Inleydinghe.
Vraghe.
Was’t niet gheseyt dat wy huyden souden handelen vander Menschen Onsaligheydt ende Saligheydt?
Antwoorde.
Het was.
Vraghe.
Oock mede vande Oorsaken, Ommestanden ende Middelen, waar door de mensche komt in, ende wederomme uyt d’Onsaligheydt ter Saligheydt.
Antwoorde.
Alsoo.
Vraghe.
Daar toe haddet ghy ghestelt vier hooftsaeken, te weten eerst d’Onsaligheyt, voorts die Verlichtinge, daar na die Zuyveringhe ende ten laatsten die Vereeniginghe, elck met haren oorsaken, Vruchten ende Ommestanden. Ist niet alsoo?
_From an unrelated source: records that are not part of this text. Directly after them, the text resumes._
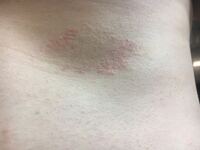 33歳男です 右乳首のcmほど下に湿疹ができてなかなか治りま Yahoo 知恵袋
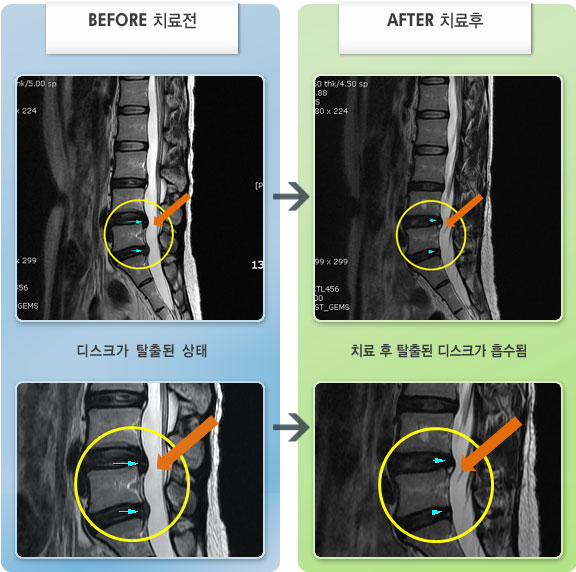 자생한방병원 치료사례 MRI로 보는 치료결과-허리와 양하지 통증 및 저림 등이 심하여 허리를 굽히거나 펴기 어려웠으며, 10분간 앉아있기도 힘든 상태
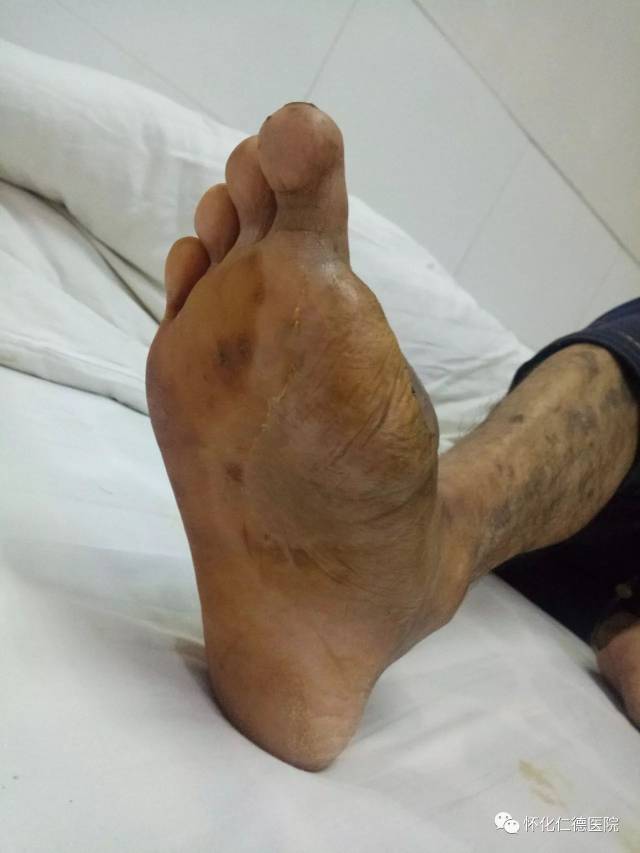 糖尿病足坏死的保肢治疗奇迹!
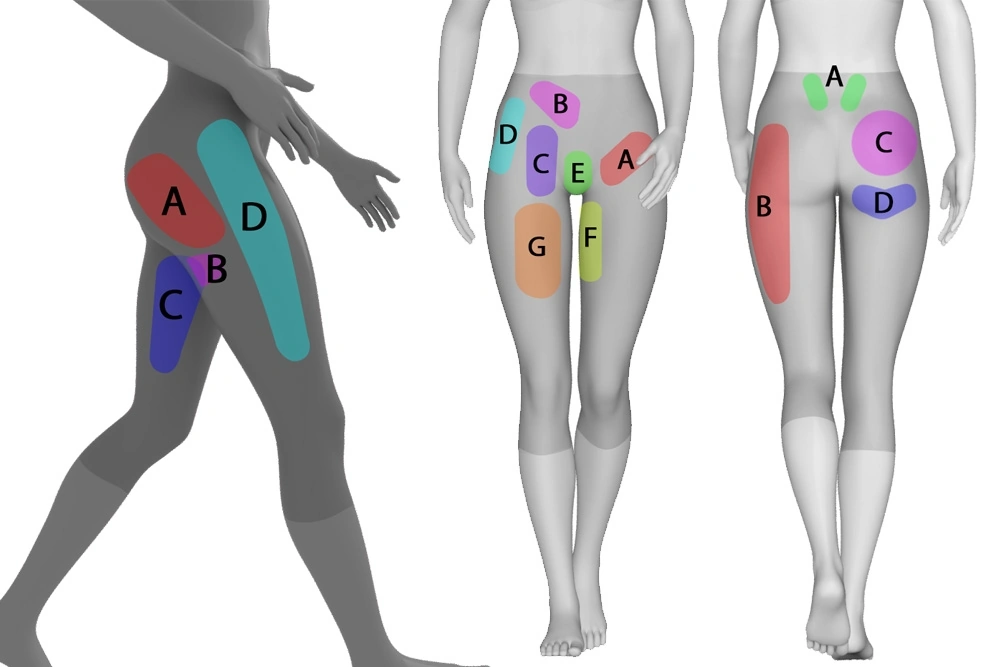 The Ultimate Hip Pain Location Chart: Find Your Relief Fast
Ende duncket u goet by die schickinge te blijven?
Antwoorde.
Ia.
Vraghe.
Was’t oock niet gheseydt dat ick Vraeghen, maar ghy antwoorden soudet.
Antwoorde.
Recht, maar daar by hadde ick bedonghen, dat ghy vragende dinghen die mijn verstant te boven gaan, liever soudt vernoeghen met gheene, dan met heele twijfelijcke Antwoorde.
Vraghe.
Tis sulckx, want so ongaarne als ghy onsekere antwoorde soudet geven: soo ongaarne soude ick die aannemen, veel nooder noch betrouwen moghen. Wat dunckt u nu? Soudet quaat sijn dat wy willende handelen van Goddelijcke saken, Gode selve daar inne kennen voor een milde gever alder goeder gaven, voorneemlijck van Wijsheyt, die wy nu meest in desen behoeven: ende dat wy sijne overvloeyende gaafrijckheyt, gheloovich met seker betrouwen van verkrijghen, inden Name sijns Soons volgens des selfs beloften daaromme begheerlijck bidden?
Antwoorde.
Soude dat quaat sijn? Wat mocht men beters in desen doen? Wat is ons, kennende onse Armoede des verstants, doch meerder van noode? Soo bidden wy dan, O Milde Vader, om kennisse van onse quaatheydt ende van uwe goetheyt, der Menschen hoochste wijsheyt, op dat dese niet dan noodighe ende nutte saeken en vrage, ende ick die niet dan warachtelijck ende bescheydelijck en beantwoorde? tot vernederinghe van ons beyden, ende tot verhevinghe uwes Naams door Iesum Christum onsen Heere mits verlichtinghe van uwen Heyligen Gheest der waarheyt.
Vraghe.
Amen, Amen.
Antwoorde.
So begint nu vragens in des Heeren Name.
Het Sommier inhouden deser vier gespraken vindt men achter, verstreckende een volkomen Tafele.